Sooner or later, all of us likely will undertake (or be “asked” to undertake) a task that seems bigger than we are – a challenge so monumental in scope or complex in nature that, by all objective measures, seems undoable by mere mortals, let alone achievable in the time that we’ve allotted or, more likely, has been imposed on us by others.  Sometimes, we will have voluntarily chosen to take on the project, perhaps not fully appreciating its magnitude at the time.  Such might be the case, for example, if: (1) having absolutely no prior experience, you were to commit to organizing an event to benefit a local or national charity and to growing and hosting it for years to come; (2) being a proverbial “couch potato,” you were to wake up one morning and set your sights on running a marathon, competing in a triathlon or climbing one of the world’s highest peaks; or (3) on a more serious level, you were to agree to use your newly-acquired education, limited experience, but considerable intuition and gifts, to try assist a young couple desperate to open a line of communication with their autistic son, knowing it’s an uphill battle  and that others, arguably better educated and more experienced, already had tried and “failed”. 
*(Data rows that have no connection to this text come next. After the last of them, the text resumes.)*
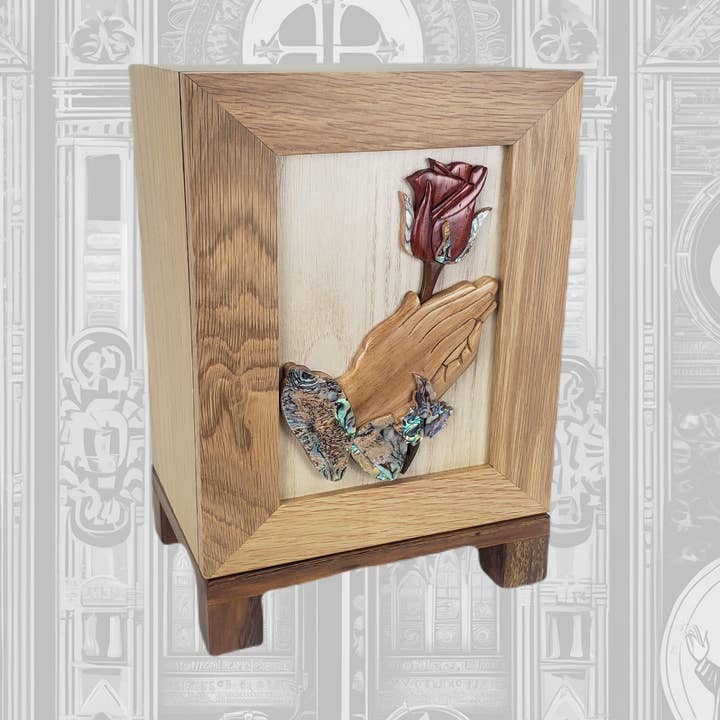 Urne Mains en prière - Bois fait main et nacre sh pour la vente par Positive Urns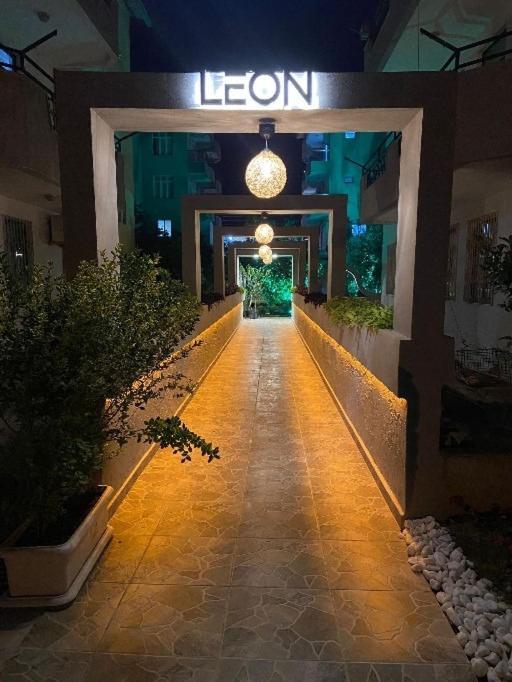 Side Leon Otel Exteriör bild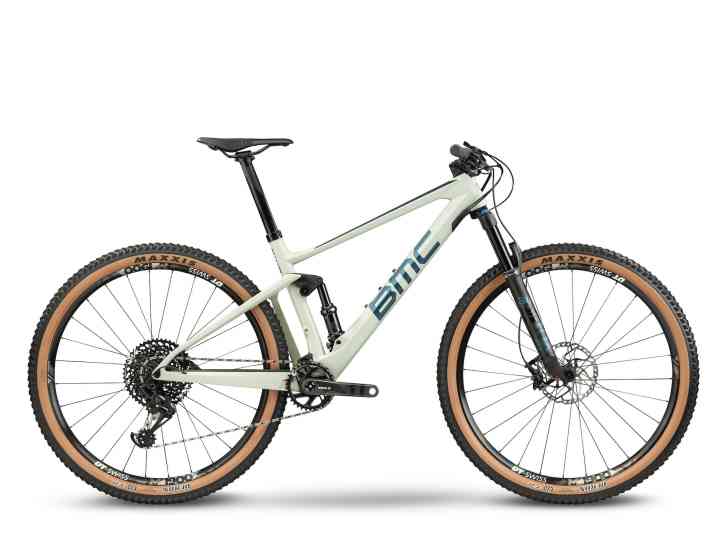   Das günstigere BMC Fourstroke 01 LT Two mit cremefarbenem Rahmen kostet 5999 Euro.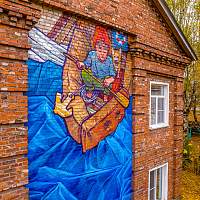 Художник рассказал трогательную историю нового мурала в Боровичах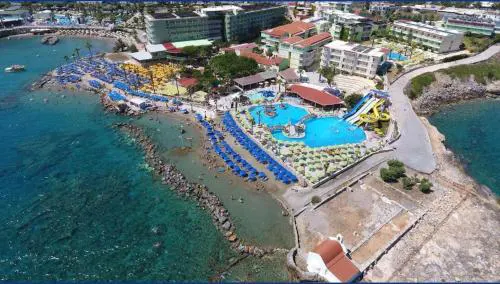 Eri Beach & Village Hotel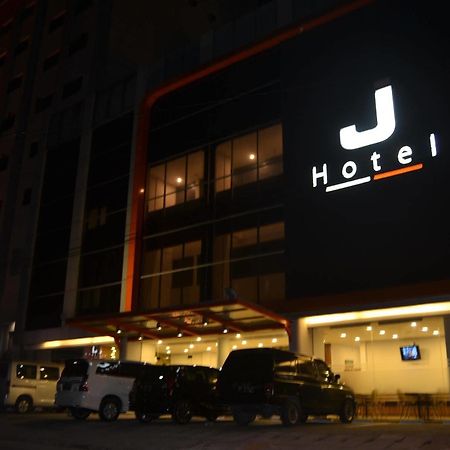 J Hotel Медан Екстериор снимка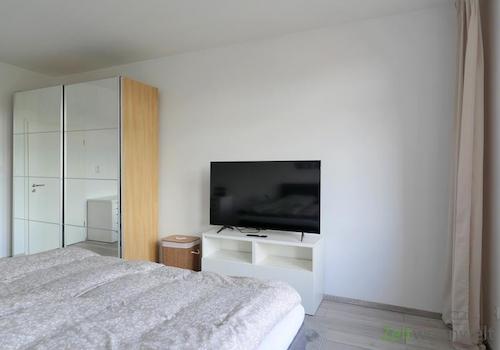 Blick zu TV und Kleiderschrank
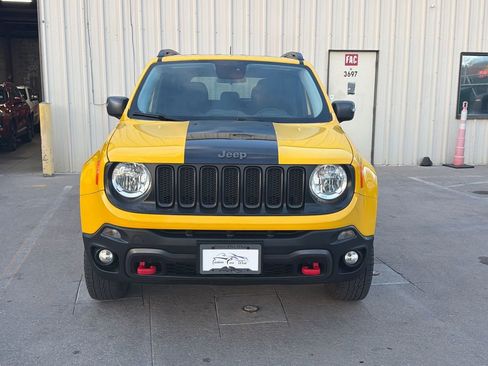 Used 2016 Jeep Renegade Trailhawk image 2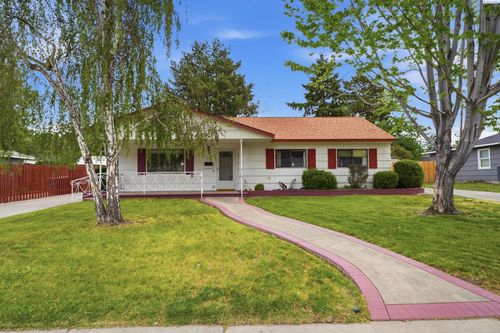 1310 Cottonwood Dr, Richland, WA, 99354-2704 | Card Image
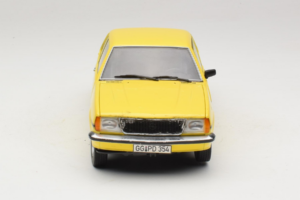 Opel Ascona B SR Jaune Avant Rayé Sun Star 1:18 5384 Métal Moulé — image 4 sur 9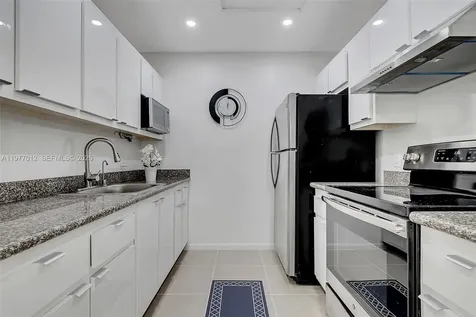251 SW 132nd Way Pembroke Pines FL 33027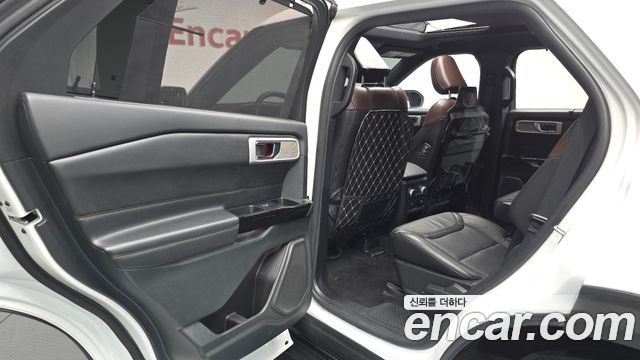 Ford Explorer (VI) 3.0 Platinum 4WD 2021 — фото 26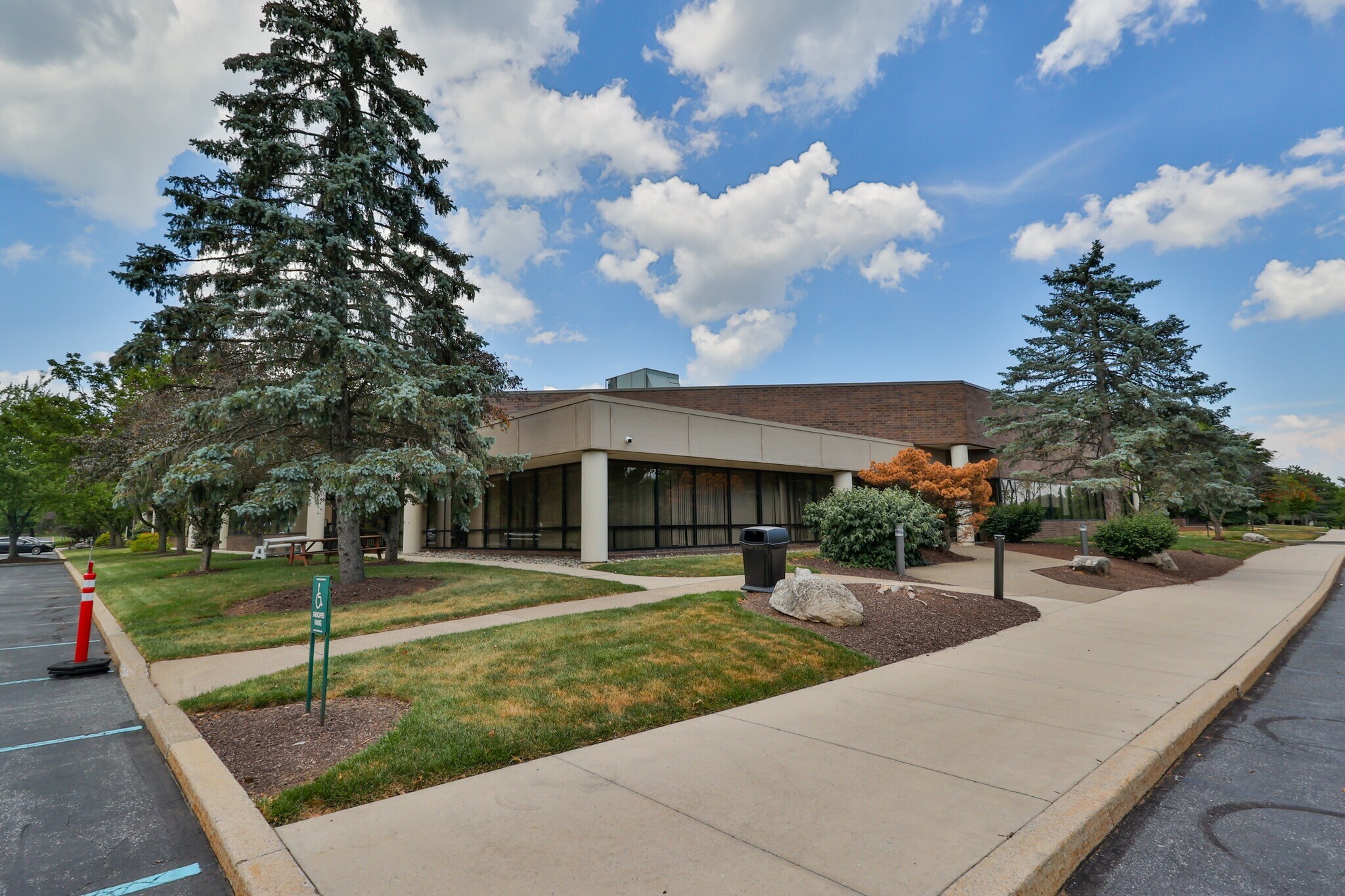 1560 Valley Center Pky Bethlehem, PA 18017 Office Property for Lease
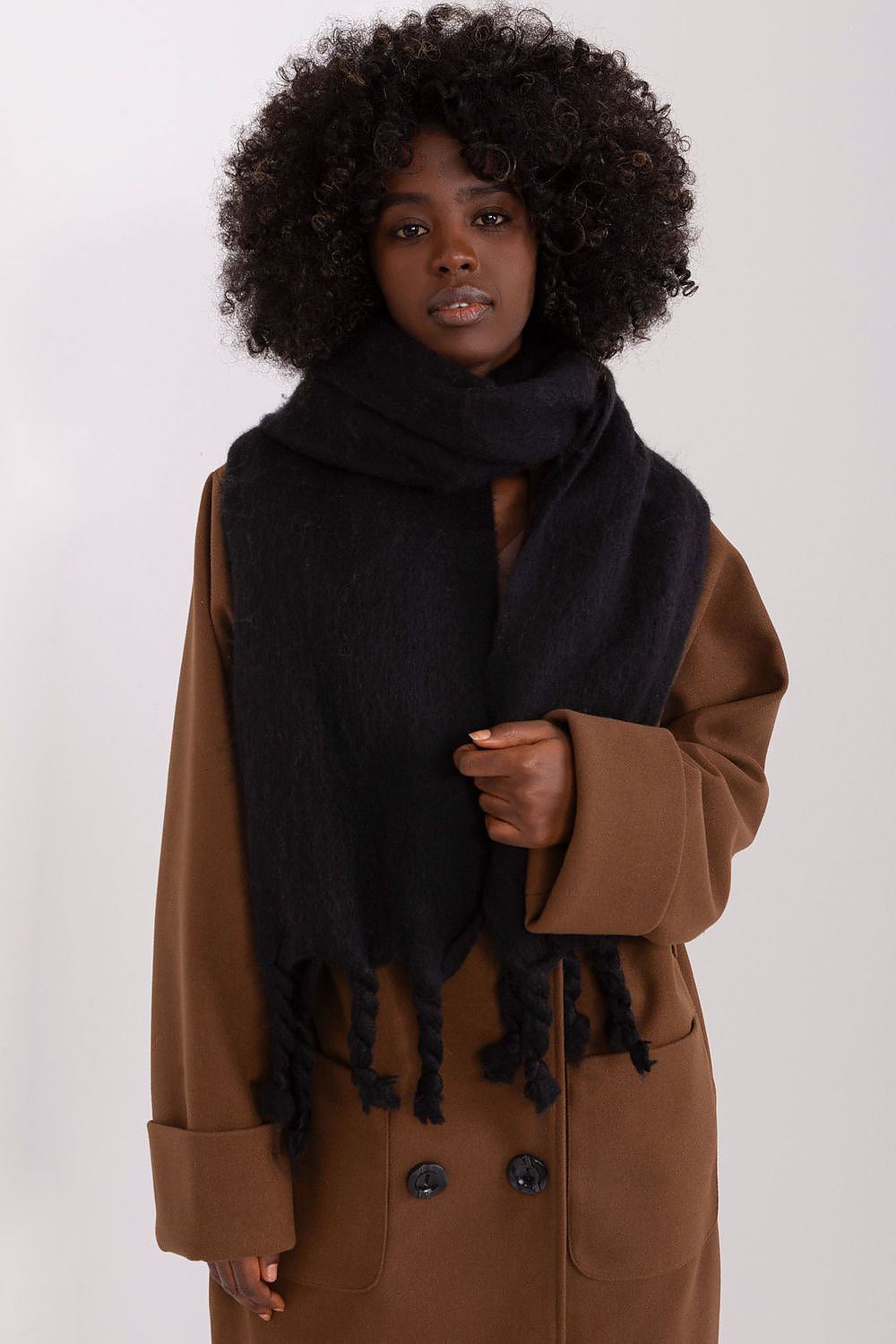 Elegant polyester scarf with stylish tassels offered by AT, designed for a sophisticated autumn look.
More often than not, however, such challenges are foisted upon us by others or by life circumstances wholly beyond our control – too frequently when we least expect or are prepared to deal with them.  Maybe they come in the form of an illness or addiction afflicting us or a loved one.  Maybe we are born (or are the parents of a child born) with them (e.g., a congenital birth defect, a physical or developmental disability, etc.).  Maybe, despite being highly-skilled and having enjoyed a long and productive professional career (and through absolutely no fault of our own), they emanate from our suddenly finding ourselves out of work, another victim in the downturn in the economy.  Maybe they arise in the wake of our having lost a parent, a child or a loved one too young.  Maybe we’ve simply made a mistake or hurt someone we love profoundly and, despite our best efforts, we just can’t see a way to “correct” it or fully put it in the past.  Or maybe the challenges are not nearly that personal and arise instead from a boss or employer who has delegated a task to us and established a deadline that a small army couldn’t meet.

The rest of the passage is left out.